C=10, Training score: 0.7919, Test score: 0.7325
C=100, Training score: 0.7927, Test score: 0.7325




The best-performing logistic regression model on the dataset incorporates an L1 penalty with a regularization strength of C=0.01, using the 'saga' solver, and allowing for 50 iterations. This setup suggests that the data benefits from a stronger regularization, which helps in reducing overfitting by penalizing less important features.

The 'saga' solver was effective for my needs, likely due to its efficiency with large datasets and its ability to handle L1 penalties well.

# Discuss about pros ann cons of models

## Solvers:

### liblinear:
+ Pros:
 + It's a good choice for small to medium datasets.
 + It supports both L1 and L2 regularization.
 + It's easy to use and interpret.
+ Cons:
 + Not suitable for very large datasets because it can be slow.
 + It does not support multinomial logistic regression; it handles multiclass using a one-vs-rest approach, which can be less efficient.
 + It may have convergence issues with L1 regularization on non-separable data or with insufficient iterations.

### saga:
+ Pros:
 + Designed for large datasets with many samples.
 + Faster for large datasets due to incremental, gradient-based optimization.
 + saga supports both L1 and L2 regularization, making it versatile.
+ Cons:
 + May take longer to converge on smaller datasets.
 + Requires features to be scaled (e.g., using StandardScaler).

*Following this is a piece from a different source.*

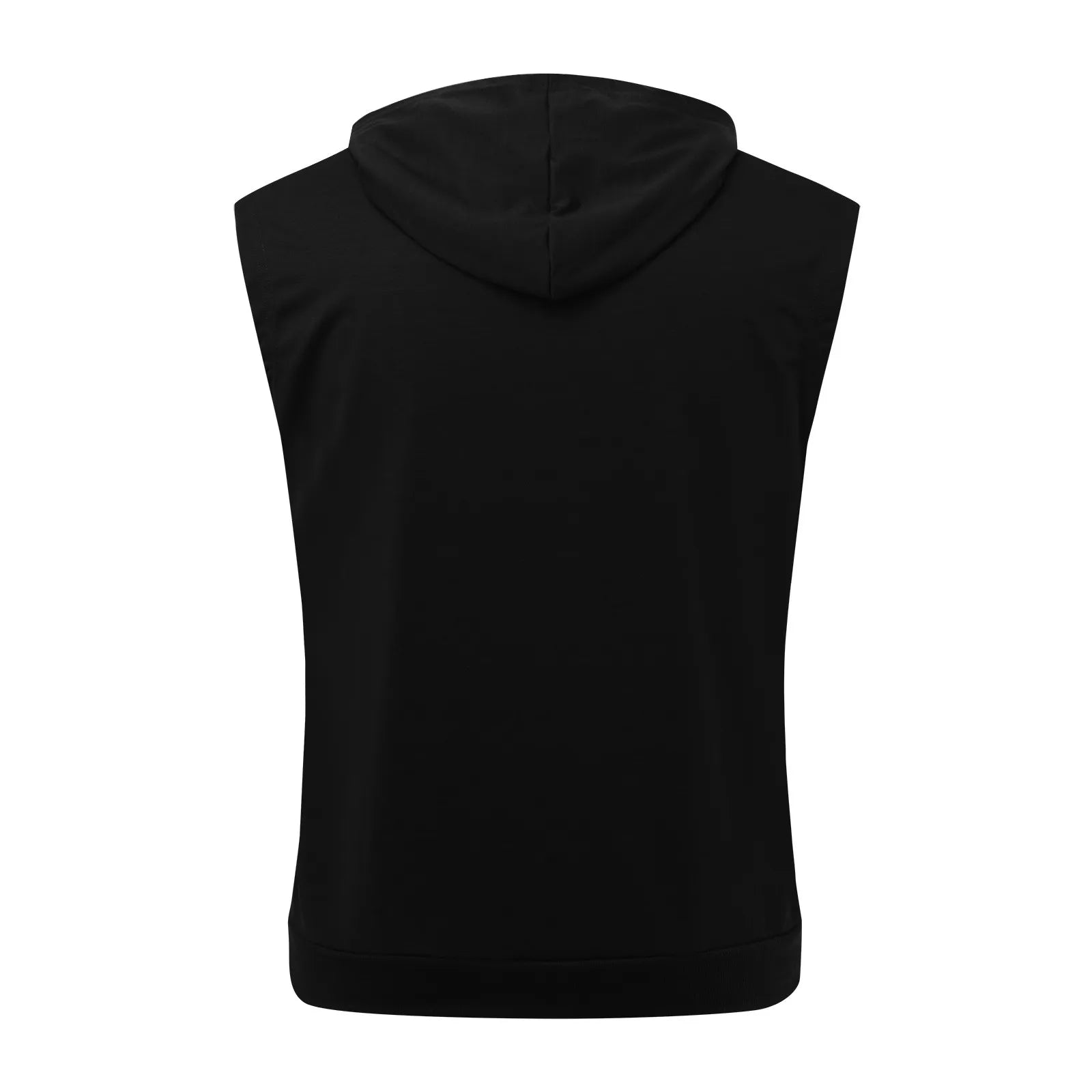 Mens Workout Hooded Tank Tops Zip Up Sleeveless Gym Shirts Muscle T Shirt Summer Bodybuilding Vest Solid Color Hoodies T Shirt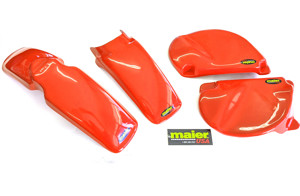 Honda Orange Front & Rear Fenders & Side Panels - For 77-82 Honda XR75/XR80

## Regularization (Penalty) Techniques:

### L1 Regularization (Lasso):
+ Pros:
 + Can lead to sparse models where some coefficients can become zero.
 + Useful for feature selection because it can eliminate some features entirely.
+ Cons:
 + Can lead to a less stable solution path for coefficients.
 + Not supported by all solvers.

### L2 Regularization (Ridge):
+ Pros:
 + Tends to give better results for features with real predictive power.
 + The model is less likely to fit noise in the data.
 + Supported by most solvers.
+ Cons:
 + Does not reduce coefficients to zero, which means it does not perform feature selection.
 + May lead to smaller coefficients on average, as it shrinks all coefficients equally.